Donald Trump needed to win bigly, as he would put it, in Las Vegas. He didn’t, and his campaign is still a disaster. The major news line from the final presidential debate is Trump’s hint that he may not accept the election result – to which Clinton replied that he is ‘talking down democracy.’ But Trump’s promise to ‘keep you in suspense’ on that point is a silly sideshow. The very fact he is making a story over whether he will accept defeat suggests, ironically, that in his muddled psyche he has accepted defeat.
The last presidential TV debate was, overall, the best so far, which isn't saying much. Trump didn’t go bananas, or at least not fully. There were plenty of mad Trumpy touches: ‘I didn’t even apologise to my wife,’ he said, denying that he had molested women; ‘We have some bad hombres here,’ he said, talking about immigration. ‘Nobody can believe how stupid our country is,’ he said, as he pointed out that Isis took over ‘vast swatches of land.’ (We think he meant swathes.)
There were some nasty exchanges. Clinton called Trump ‘Putin’s puppet’. ‘You’re the puppet,’ he snapped back. ‘Such a nasty woman,’ he said, when she attacked him over his tax affairs. ‘Podesta said some horrible things about you, and boy was he right,’ he added, referring to the Wikileaks emails.
But it wasn't all Trumparama. The first twenty minutes of the debate were almost shockingly serious; a somewhat boring discussion of Supreme Court nominees, gun rights, and abortion. It was American politics as normal, and that felt weird. Clinton presented herself as the compromise candidate on these controversial issues, but anyone listening closely would have heard a woman who is well to the left of most Americans on LGBT rights, guns, and a woman’s right to choose. Clinton is trying to win over disaffected Republicans, but in her statements on these issues she offered many opportunities for her opponent to attack from the right and centre.
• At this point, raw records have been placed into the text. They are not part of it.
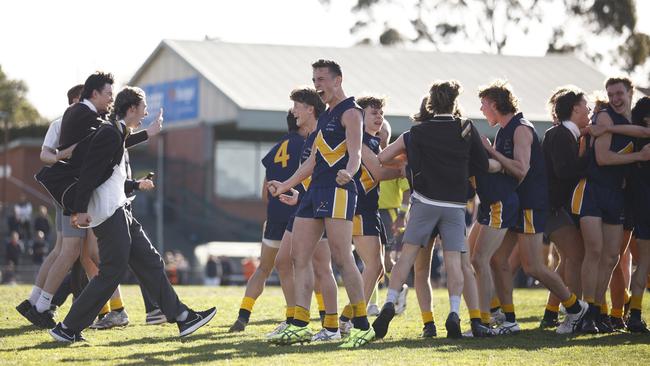 MELBOURNE, AUSTRALIA - AUGUST 03: Lochie Reidy of Whitefriars College (C) and teammates celebrate on the final siren after winning the Herald Sun Shield Senior Boys Grand Final between Whitefriars College and St Patrick's Ballarat at Box Hill City Oval on August 03, 2022 in Melbourne, Australia. Picture: Daniel Pockett/AFL Photos/via Getty Images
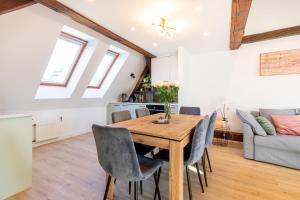 a kitchen and dining room with a wooden table and chairs at Apartment with Entresol Old Town Krakow in Krakow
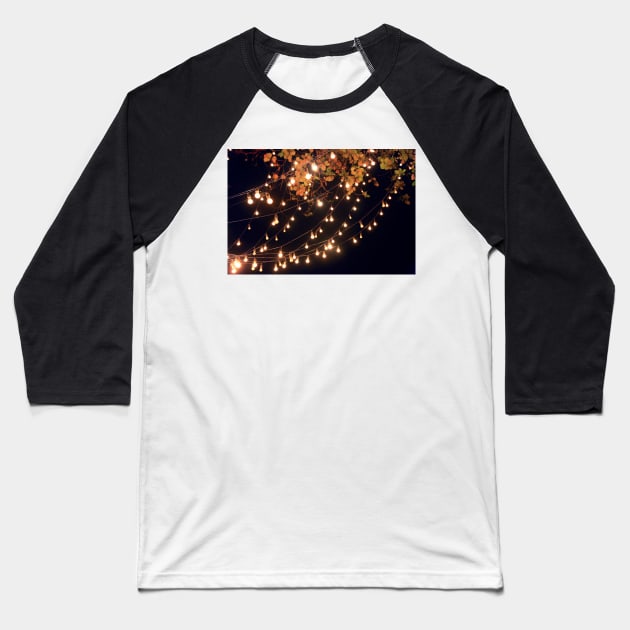 Lights draping off the Tree with a Black Sky in the background Baseball T-Shirt by Design A Studios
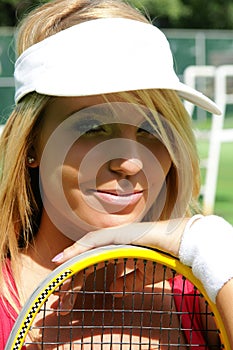 Sporty girl in tennis cap smiling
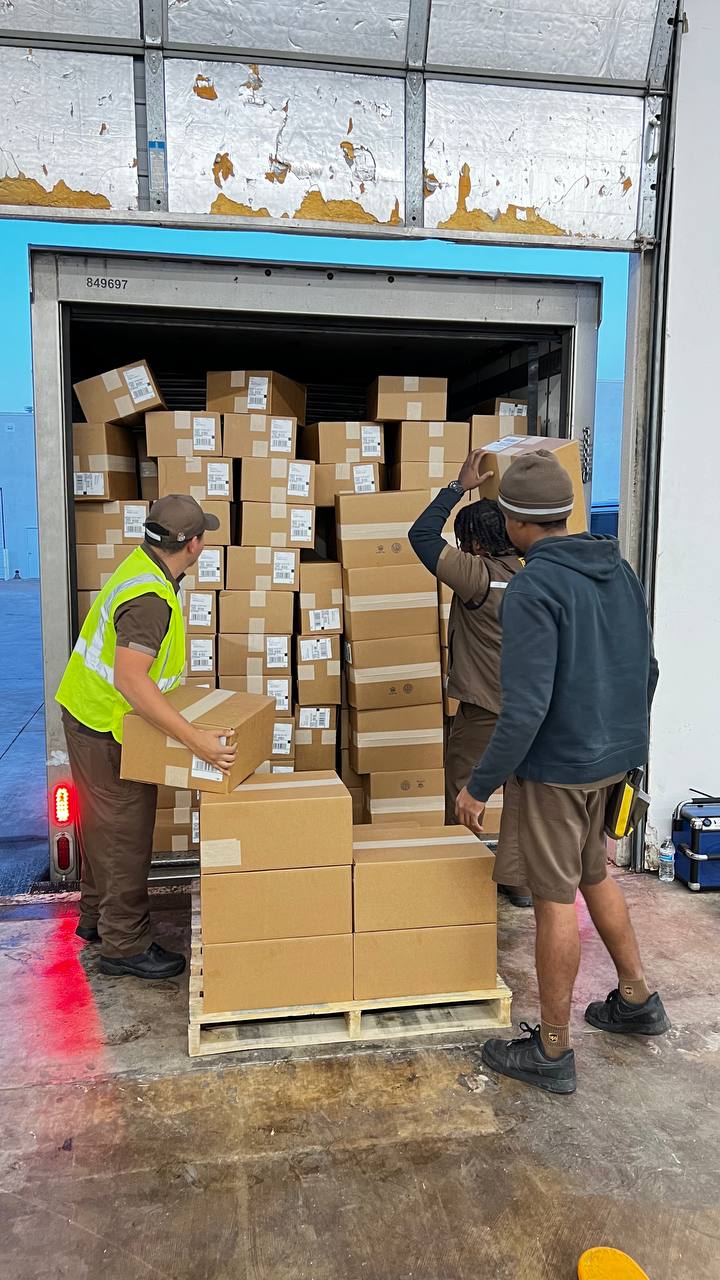 Honeybee team loading boxes onto a UPS truck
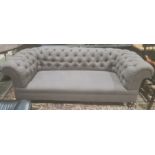 Late Victorian Chesterfield sofa in grey button back upholstery, on turned front legs to brown china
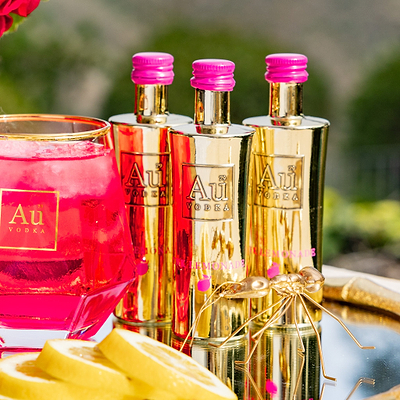Three Au Vodka USA Pink Lemonade bottles with a pink drink in a glass and lemon slices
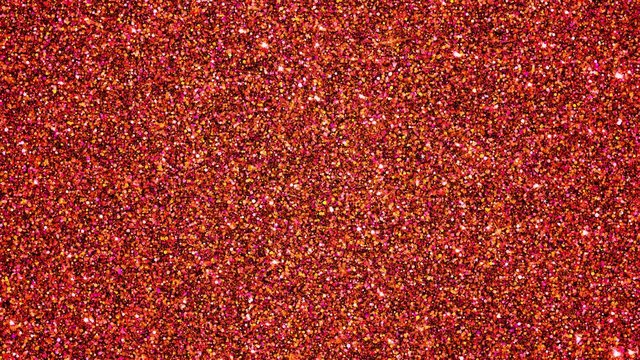 Sparkling Fire Opal Glitter Particles. Seamlessly looping animated background.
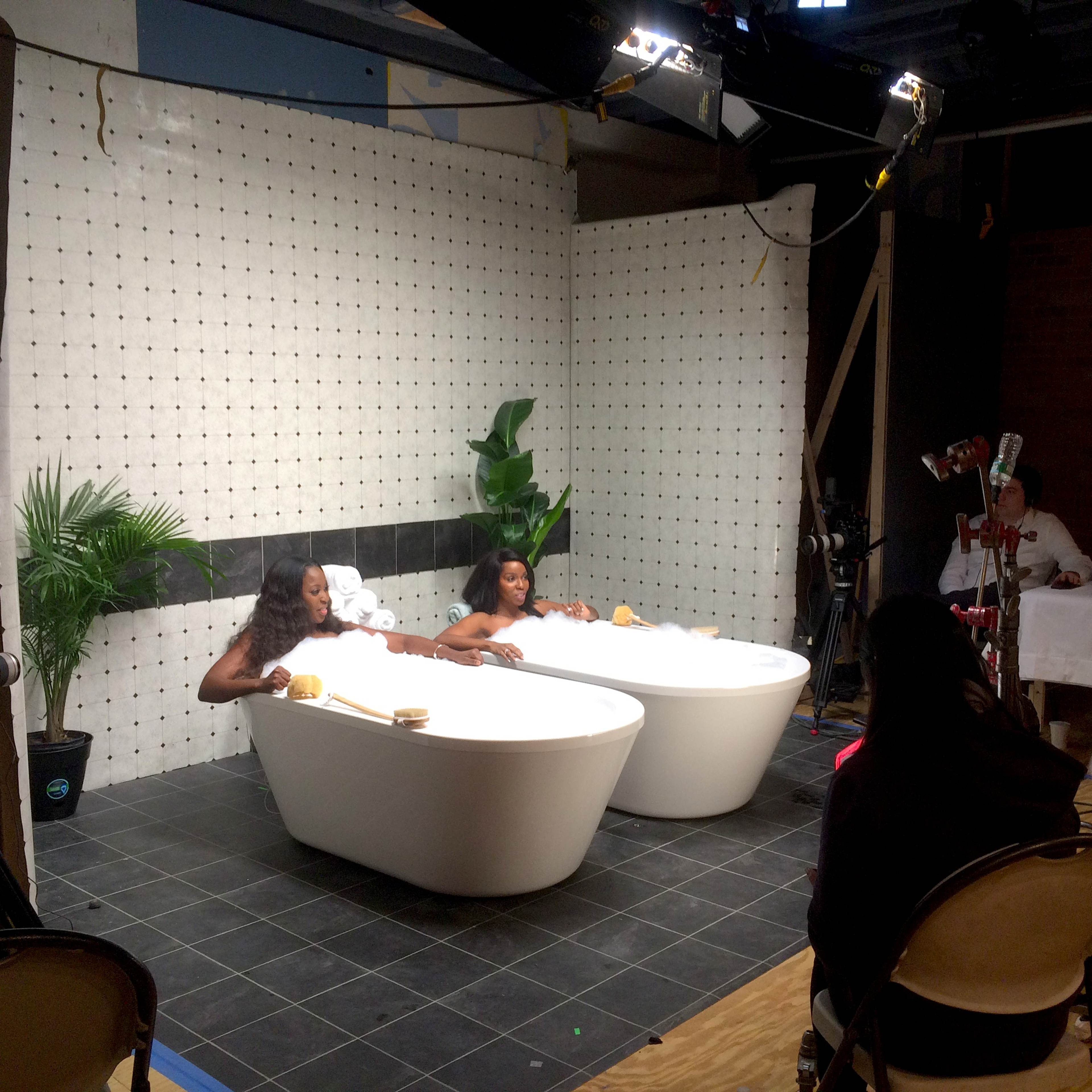 Two models are reclining in separate bathtubs on a set designed for a photoshoot, while a small crew prepares to capture the scene.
But her opponent wasn’t able to take them. Trump tried to concentrate and sound presidential in his responses, but he isn’t good at that. It took the moderator Chris Wallace – the star of the night, in most viewers' eyes – to raise Clinton’s Wikileaks's pledge to give open borders to Wall Street Banks when they were discussing immigration. Clinton's response, that she was ‘talking about energy’ sounded evasive and deceitful. Again, Trump was unable to capitalise. He did attack her foreign policy record effectively, in parts, and she failed to cope with his attack on the Clinton Foundation for having taken money from Saudi Arabia. But he didn’t land any knockout punches, and the debate ended up being something of a stalemate, which suits Hillary just fine.
Trump has improved a lot since his awful first debate, and perhaps if they were doing these contests every week for two months, he would start trouncing her. But that was the last debate, time is running out, and Hillary’s triumph now looks inevitable.